[Opening Given material section]
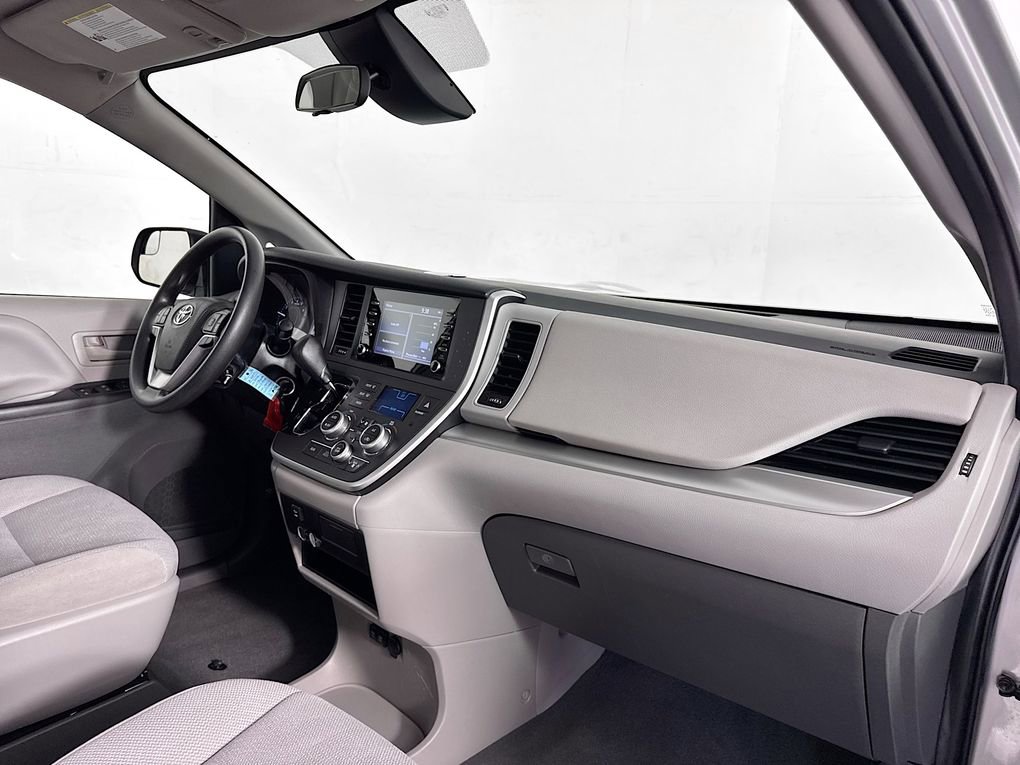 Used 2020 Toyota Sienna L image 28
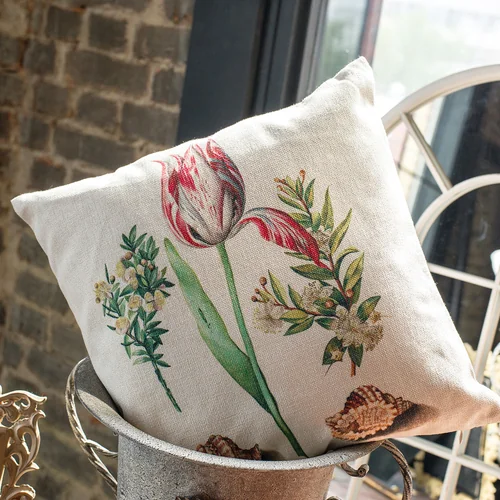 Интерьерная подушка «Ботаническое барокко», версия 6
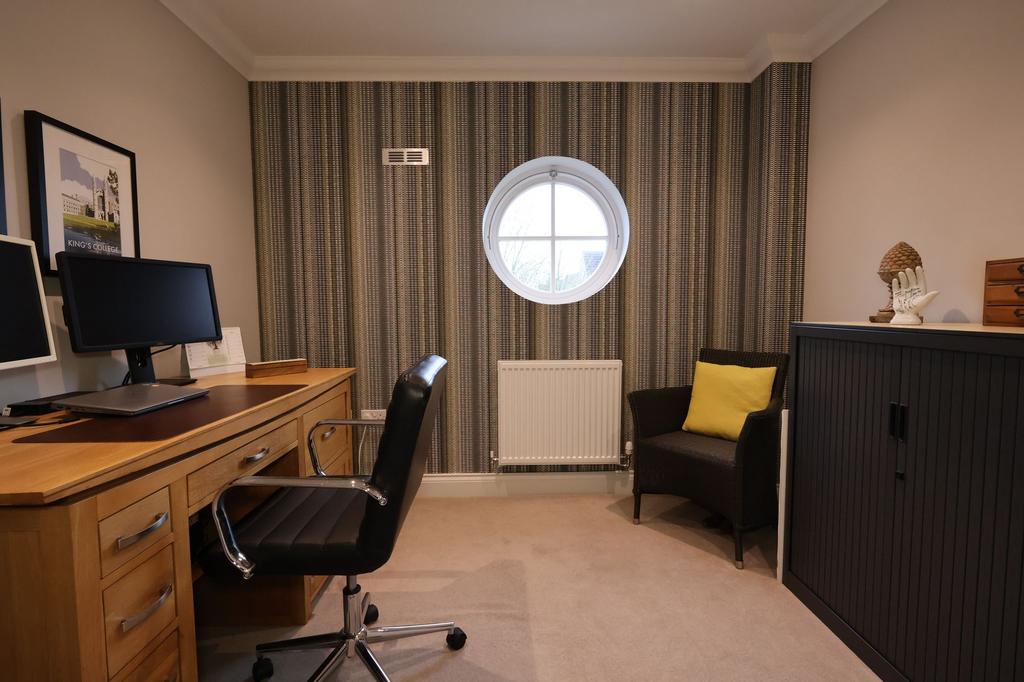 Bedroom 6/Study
[Closing Given material section]
_Work task_. Repeat the listing in full and exactly. Do not include any images.

_Written answer_.
 Used 2020 Toyota Sienna L image 28
 Интерьерная подушка «Ботаническое барокко», версия 6
 Bedroom 6/Study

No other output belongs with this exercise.